For the web app deployment environment, we used a Microsoft Azure-based Windows cloud virtual machine, which is equipped with a Windows server Internet Information Services (IIS). R-shiny does not have any official documentation available to deploy web apps in Windows IIS. Alternatively, Microsoft has provided a well-defined deployment process for Python web apps using common gateway interface.7 That led us to choose the Python Flask framework for our DRRisk tool development.

The components of DRRisk include a Microsoft Azure cloud-based platform running IIS (Internet Information Services) server and Python Flask based web framework. The most essential feature of our tool is to assess a person’s diabetic retinopathy risk using risk factor data from a patient’s medical records. In case of incorrect inputs, this tool allows users to change/update inputted data easily after getting an assessment result.
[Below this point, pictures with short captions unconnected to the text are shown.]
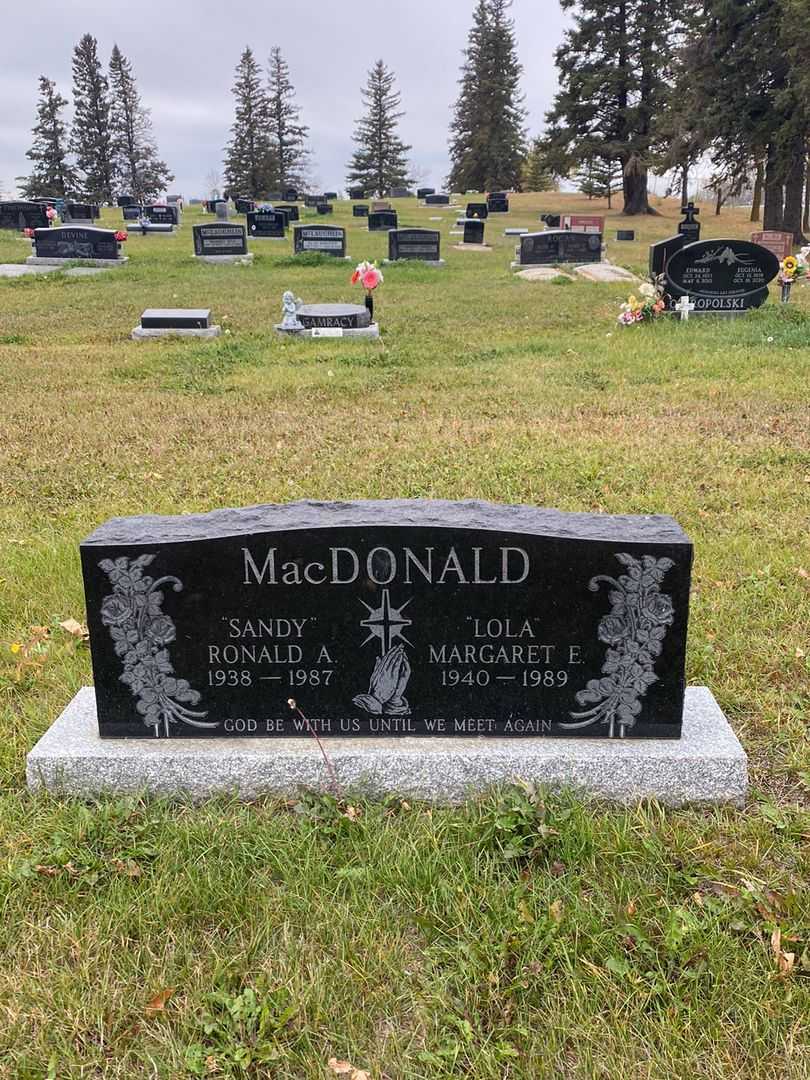 Ronald A. "Sandy" MacDonald's grave. Photo 1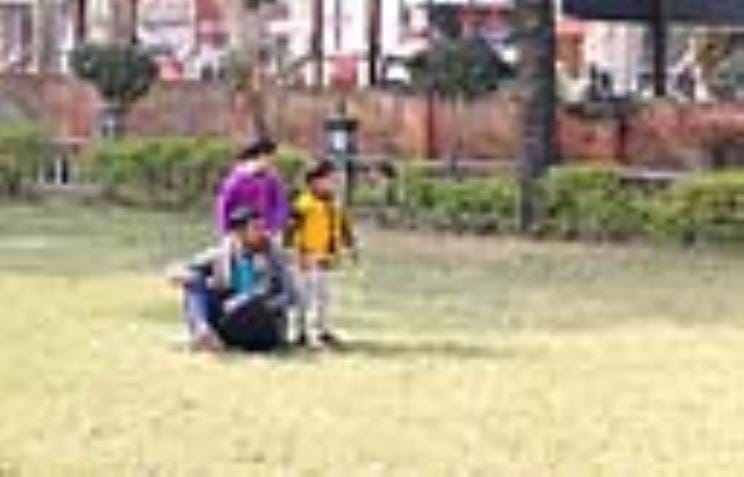 Lukewarm sunshine in the afternoon gave relief from melting, temperature increased by 4.6 degrees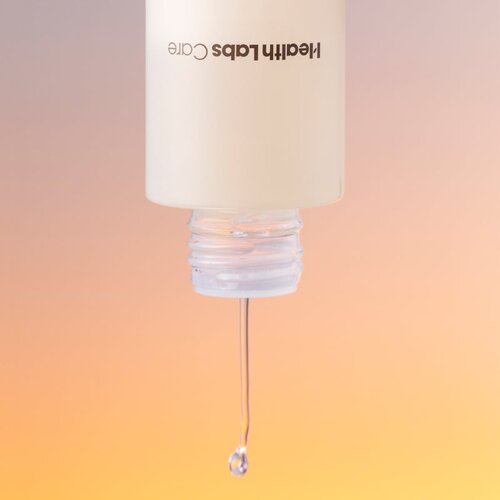 Health Labs Care Glow On Liquid Exfoliating Serum gladilni eksfoliacijski serum z 2 % salicilno kislino 100 ml Slike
Consultations with experts to determine minimum number of features that must be input

DRRisk’s risk factor data elements were selected using a feature subset selection process in the machine-learning model development phase of our study.5 These 14 risk factors are Duration of Diabetes, Hemoglobin A1C, Blood Urea Nitrogen (BUN), Age, Systolic Blood Pressure, Diastolic Blood Pressure, Hemoglobin, Sex, Ethnicity, Insulin Dependence, Nephropathy, Neuropathy, Stroke, and Triglycerides. We consulted an endocrinologist, a primary care doctor and an ophthalmologist on the ideal set of risk factors from these original fourteen that would be required for the model, because there was a concern that fourteen variables would be too many for busy clinicians to input. As an outcome of this consultation, six risk factors were selected out of fourteen based on a balance between their ease of acquisition and their importance for accuracy of the model. These six risk factors are divided into three numerical (Duration of Diabetes, Hemoglobin A1C, and Blood Urea Nitrogen) and three categorical (Sex, Ethnicity, and Insulin Dependence) risk factors.

Imputation approach when fewer than fourteen risk factors are input

Our tool’s machine learning model requires all fourteen risk factors in order to generate a DR risk assessment. If users enter only six risk factors, then the values for the remaining eight will be imputed using a KNN imputer object on the backend (KNN imputation for DRRisk is based on the training data for the ML model).5 Similarly, if users enter ten risk factors then the remaining four will be imputed. We encourage users to provide as many risk factors as possible to get the most accurate DR risk assessment.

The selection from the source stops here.